Nell’incipit del suo Blade Runner intitolato “Libertà [di] critica” e dedicato al grande critico triestino Callisto Cosulich, per il compimento dei suoi novant’anni (TV Film, 20, n. 27, 2012), ha scritto Ilaria Feole: «Cosa fa un critico? Analizza, scompone, decifra, confronta, trova chiavi di lettura. Per chi lo fa? La domanda è più spinosa e meno scontata: il sospetto che lo faccia per una ristretta cerchia di addetti ai lavori, a volte così stretta da comprendere esclusivamente se stesso, coglie forse troppo spesso il lettore di critica cinematografica. Non sorge quel dubbio, sfogliando le pagine della carriera sconfinata del nostro Callisto Cosulich, un critico che fa il critico per gli spettatori.». Spero caldamente che un giorno, questo possa dirsi anche per me e per i miei articoli!

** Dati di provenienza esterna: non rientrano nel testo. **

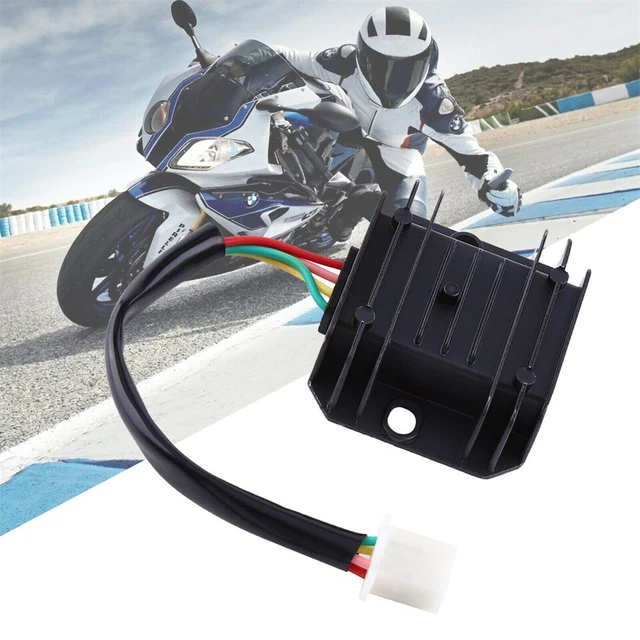 Stabilizzatore Di Tensione Universale Per Moto Motor Bike 12V 6v Regolatore Di Corrente Raddrizzatore ATV Scooter 4 Pin AVR Autostabilizzatore - Foto 6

Concludendo, con questi miei testi di critica (che quasi sempre guardano alla grande letteratura – che col suo retaggio culturale ha il potere di formare gli uomini mettendoli a contatto col mondo degli altri e che è vita e nutrimento delle anime – e ai suoi riflessi nel cinema e nello spettacolo in genere), ho tentato – e tento – di affrontare in maniera lieve degli argomenti difficili, usando quello sguardo scientifico al quale sono abituata. D’altra parte, tra la ricerca scientifica e la critica letteraria esistono certamente molti punti in comune, perché in entrambe si ricercano e si riportano alla superficie delle verità nascoste. Sotto questo profilo, non posso fare a meno di ricordare Jean Starobinski (1920-), grande filosofo e critico letterario ginevrino, uno degli ultimi umanisti e un padre della “nouvelle critique”, conosciuto per Jean Jacques Rousseau: La transparence et l’obstacle (Gallimard, Parigi 1957), che – guarda caso – ha una laurea in Lettere e una in Medicina (ha insegnato presso la Johns Hopkins University di Baltimora e le Università di Basilea e Ginevra). Nel metodo critico, Starobinski unisce gli strumenti dell’arte a quelli della scienza, della musica e della linguistica, applicando un originale procedimento che consiste nel creare un rapporto relazionale dialettico tra l’esperienza soggettiva e la spontaneità del soggetto, da una parte, e lo spazio letterario e la resistenza dell’opera d’arte, dall’altra. Pur provando emozioni e pur subendo il fascino dell’opera letteraria, il soggetto – nella sua piena consapevolezza critica e nell’uso esperto e sapiente di tutti i suoi strumenti critici – deve rimanere equilibrato e distante tanto da poter cogliere la struttura dell’opera e la sua profondità. è come un pendolo in continua oscillazione, che deve sapere allontanarsi ma anche avvicinarsi per cogliere sia i dettagli sia l’intreccio di simboli e d’idee con i quali s’esprime il pensiero di un autore.